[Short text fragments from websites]
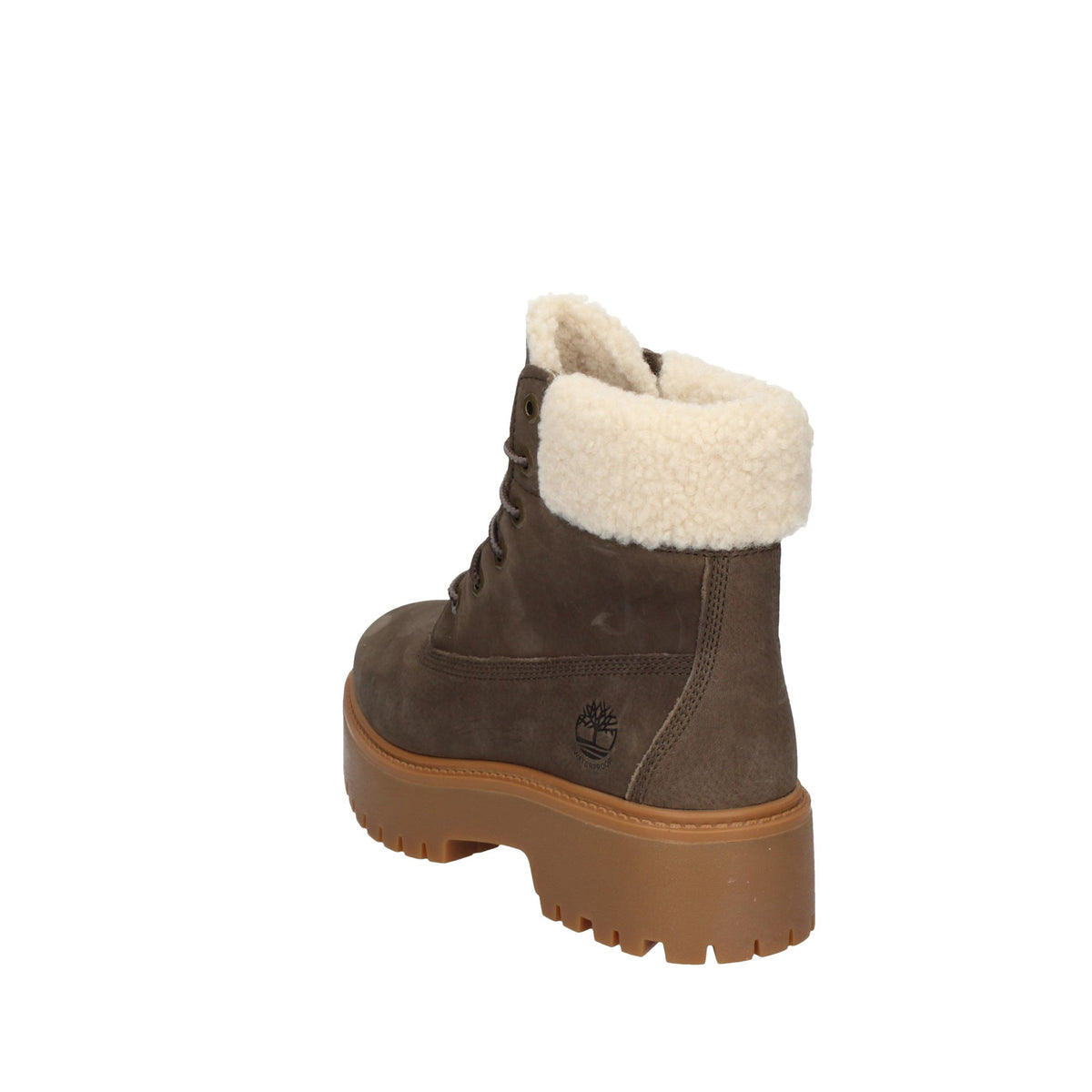 TIMBERLAND Scarpe TB0A2PU6-W01 DARK/BWN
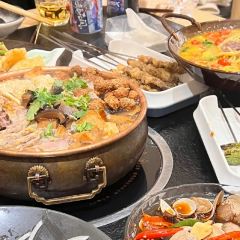 刷把签签特色火锅(顺驰店) User Photo
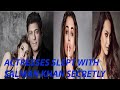 Salman khan slept with how many actresses ??/Bollywood Actresses|Actresses  Slept With Salman khan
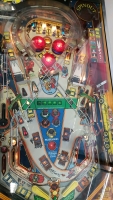 TAXI "LOLA" CLASSIC PINBALL MACHINE WILLIAMS 1988 - 9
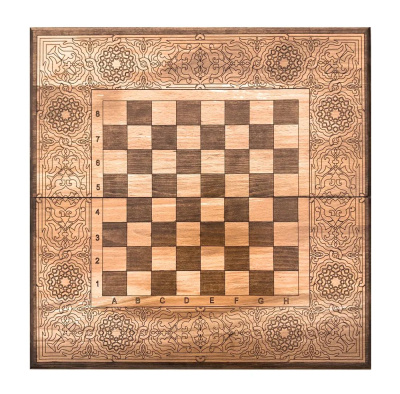 картинка Шахматы + нарды "Модерн 2" 50, Zakaryan магазин Gamesdealer.ru являющийся официальным дистрибьютором в России  картинка Шахматы + нарды "Модерн 2" 50, Zakaryan от магазина Gamesdealer.ru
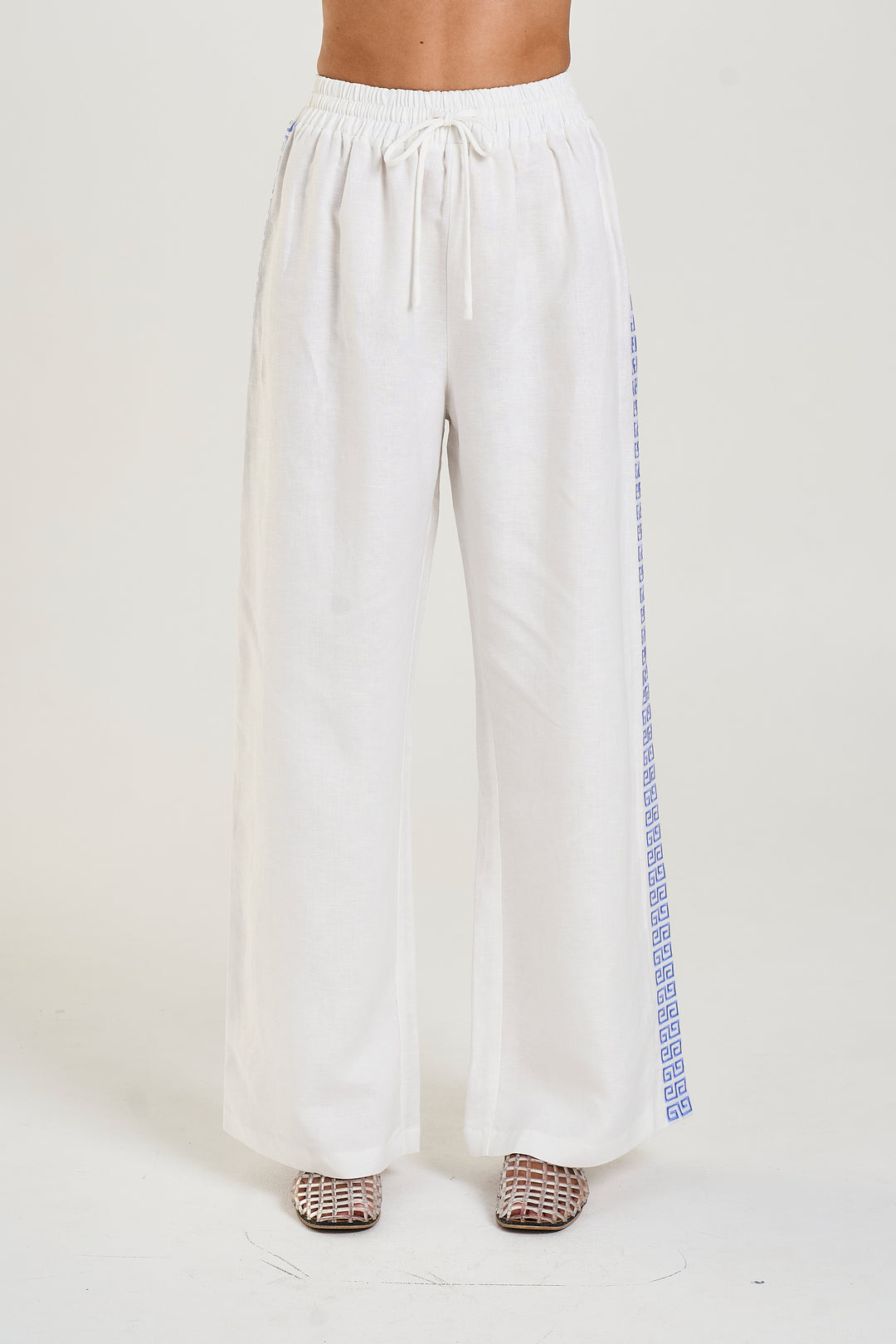 Wide Leg Pant - Fortune Teller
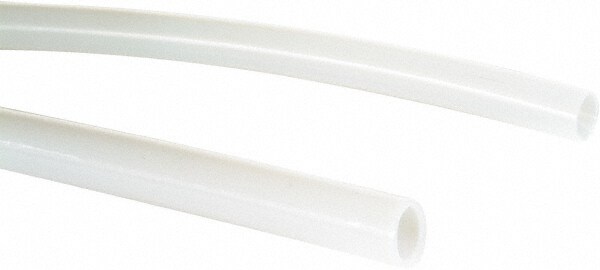 PTFE Tube: 1/16" ID, 1/8" OD, 25' Long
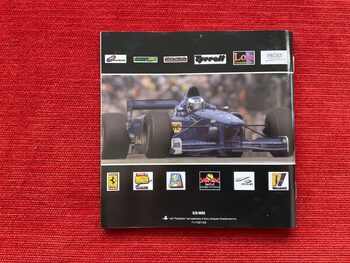 Formula 1 '97 PlayStation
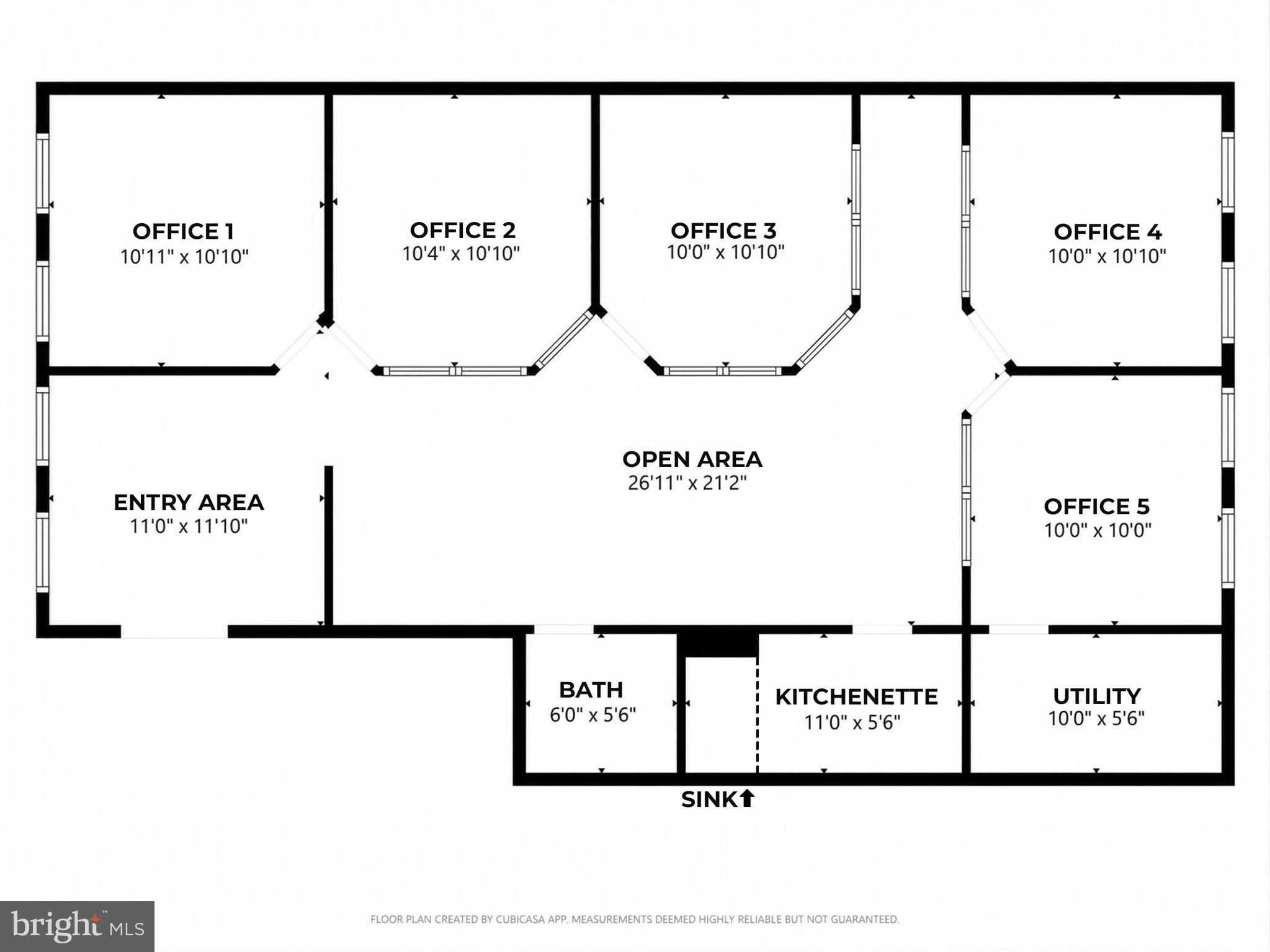 BRISTOW CENTER - Commercial Sale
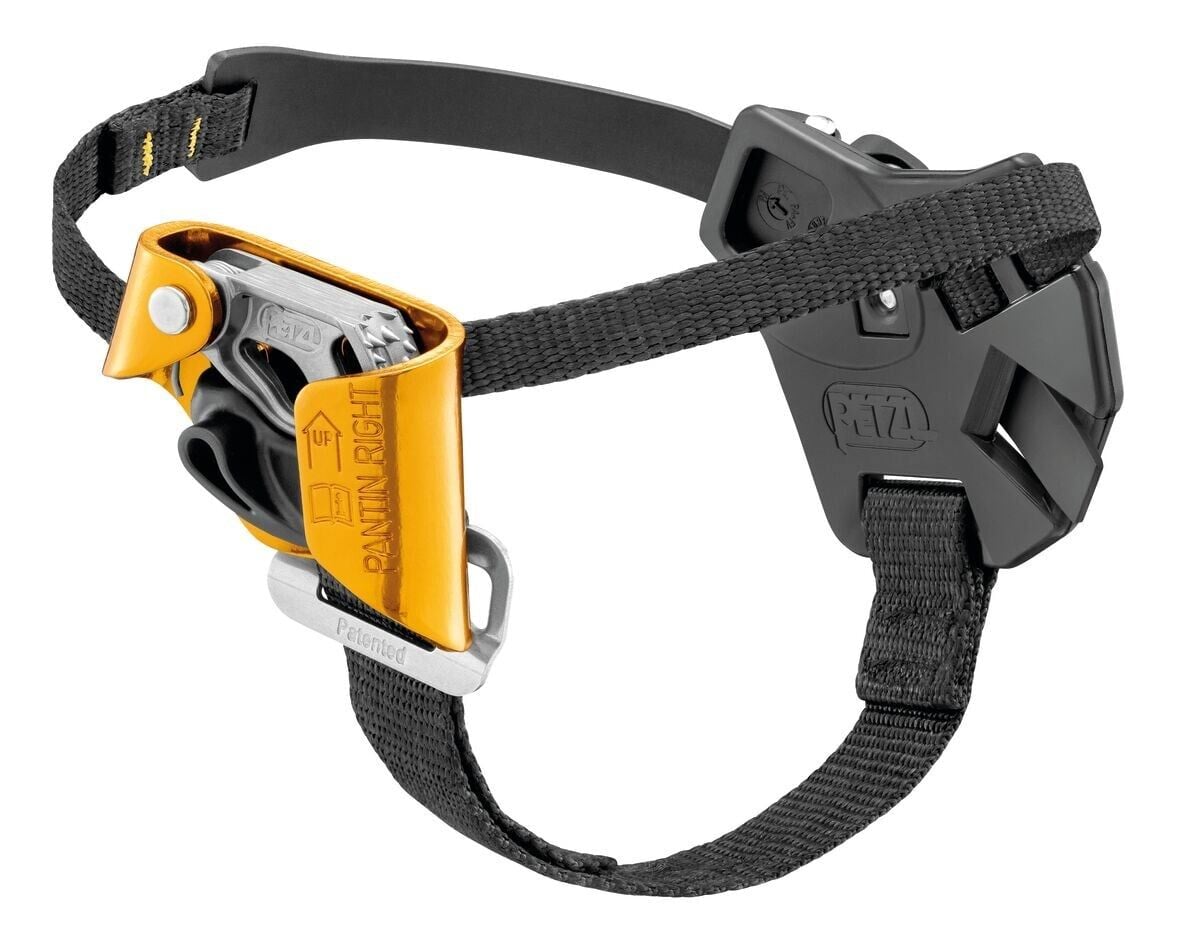 PETZL PANTIN CLICK Ayarlanabilir Ayak Jumarı B002AA00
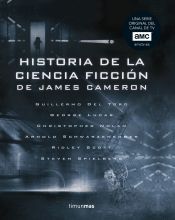 Portada de Historia de la ciencia ficci&oacute;n, de James Cameron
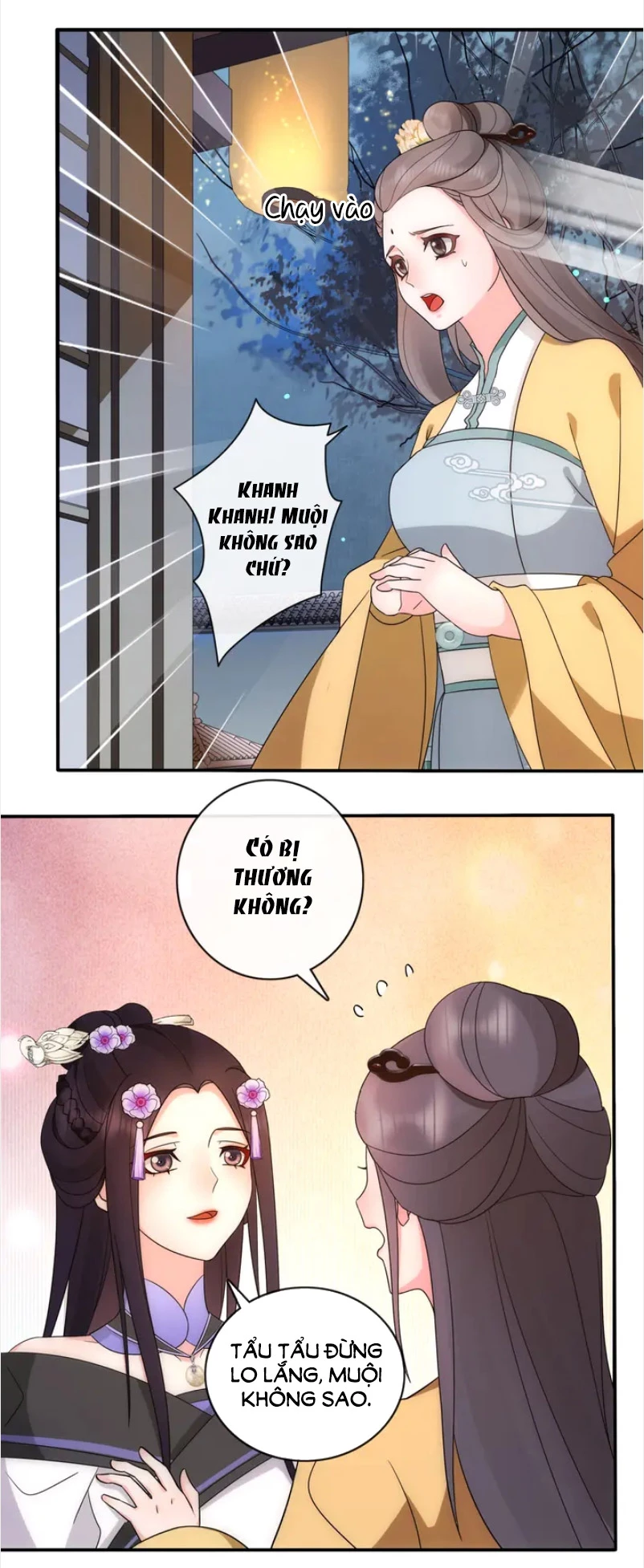 Nguyệt Trầm Ngâm Chapter 126 - 9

=== Instructions to follow ===
What you write must match, line for line, the lines from the one with "Formula 1 '97 PlayStation" through the last line of the data above, minus the pictures.

=== Finished task ===
 Formula 1 '97 PlayStation
 BRISTOW CENTER - Commercial Sale
 PETZL PANTIN CLICK Ayarlanabilir Ayak Jumarı B002AA00
 Portada de Historia de la ciencia ficci&oacute;n, de James Cameron
 Nguyệt Trầm Ngâm Chapter 126 - 9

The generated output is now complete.